Conversion costs have some wary of CNG fleets

Many with ties to the energy industry are fighting a perception battle that is preventing more compressed natural gas vehicles from hitting the road.

Matt Nealis is one of them.

For years he has heard from potential clients who have shunned converting their corporate fleets of cars, trucks and buses into CNG vehicles because they think it will cost too much to bring their garages up to fire code.

The CNG project manager for Larson Design Group, an architecture and engineering firm in Williamsport, Pa., spends a lot of his time consulting with fleet managers about modifying their garages to handle the demands of the different fuel – and making the case that some price estimates for the work may be inflated with unnecessary changes.

“I don’t want a garage modification to prohibit a company from converting to CNG,” said Nealis, who often travels to conventions and trade shows educating people on the topic. “And it shouldn’t, because your investment is very minor compared to the long-term return.”

The chemistry of compressed natural gas is different than that of diesel and unleaded gasoline.
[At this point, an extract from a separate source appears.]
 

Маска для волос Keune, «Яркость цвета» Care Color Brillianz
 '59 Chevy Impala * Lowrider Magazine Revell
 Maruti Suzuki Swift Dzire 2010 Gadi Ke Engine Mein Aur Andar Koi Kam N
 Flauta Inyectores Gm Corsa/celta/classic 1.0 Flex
When diesel or unleaded gas leaks, it falls to the ground because it is heavier than air. CNG is lighter than air, so it rises. That can be problematic in garages built to service conventional vehicles. Fans, electrical wires, heating and ventilation systems, and a variety of other ceiling components can ignite natural gas that leaks and rises.
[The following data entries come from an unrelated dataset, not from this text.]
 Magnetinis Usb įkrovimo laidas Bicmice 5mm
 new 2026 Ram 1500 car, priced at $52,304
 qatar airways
Renovations to prepare for a CNG fleet require ceilings to meet fire code and to provide proper ventilation, so any natural gas that leaks does not linger.

The National Fire Protection Association, a nonprofit organization in Quincy, Mass., sets the standard for fire codes nationwide, including those related to CNG vehicles. Local municipalities can write their own code to supplement, or supersede, NFPA code.

“There’s not a lot of great information out there in terms of this,” said David Ross, vice president of demand development for Pittsburgh-based EQT Corp. “It’s all subject to the National Fire Protection Association. Those rules are all subject to interpretation by the local fire marshal. Each fire marshal could, in a sense, have a different opinion.”

Putting more CNG vehicles on the road is important to natural gas developers because an increase in demand would boost prices and revenues. With natural gas exporting capability still several years away, increasing domestic demand could help raise natural gas prices that have thinned margins for energy companies that extract gas from the Marcellus Shale region that includes much of Western Pennsylvania.

CNG usually costs significantly less than a gasoline or diesel gallon equivalent at the pump. Diesel fuel currently costs about $3.97 a gallon, while gasoline averages $3.68 a gallon nationwide, according to the U.S. Energy Information Administration. The average cost for a comparable “gallon” of CNG is $2.30.

For the average driver, it is not cost-effective to switch a car from unleaded gasoline or diesel to CNG, according to a Carnegie Mellon University study released in spring 2013. The life expectancy for personal-use vehicles is too short to reap the returns from fuel savings, the study concluded.

Where it does make financial sense is for high-mileage fleet vehicles – taxis, transit buses and trucks. It especially makes sense for trains, barges and boats, said Deborah Stine, a faculty adviser on the student-led study.

CNG has a side benefit in that it burns cleaner than diesel and gasoline, decreasing carbon emissions.

Even before taking the garage issues into account, fleet conversion from diesel vehicles to CNG is not cheap.

When Waste Management Inc., a Houston-based trash-collection company, started buying CNG vehicles in 2011, it spent $30,000 more per vehicle over a similar diesel model. The costs are similar for transit buses and semi-tractors, though they have decreased by nearly 50 percent in the past five years, Ross said.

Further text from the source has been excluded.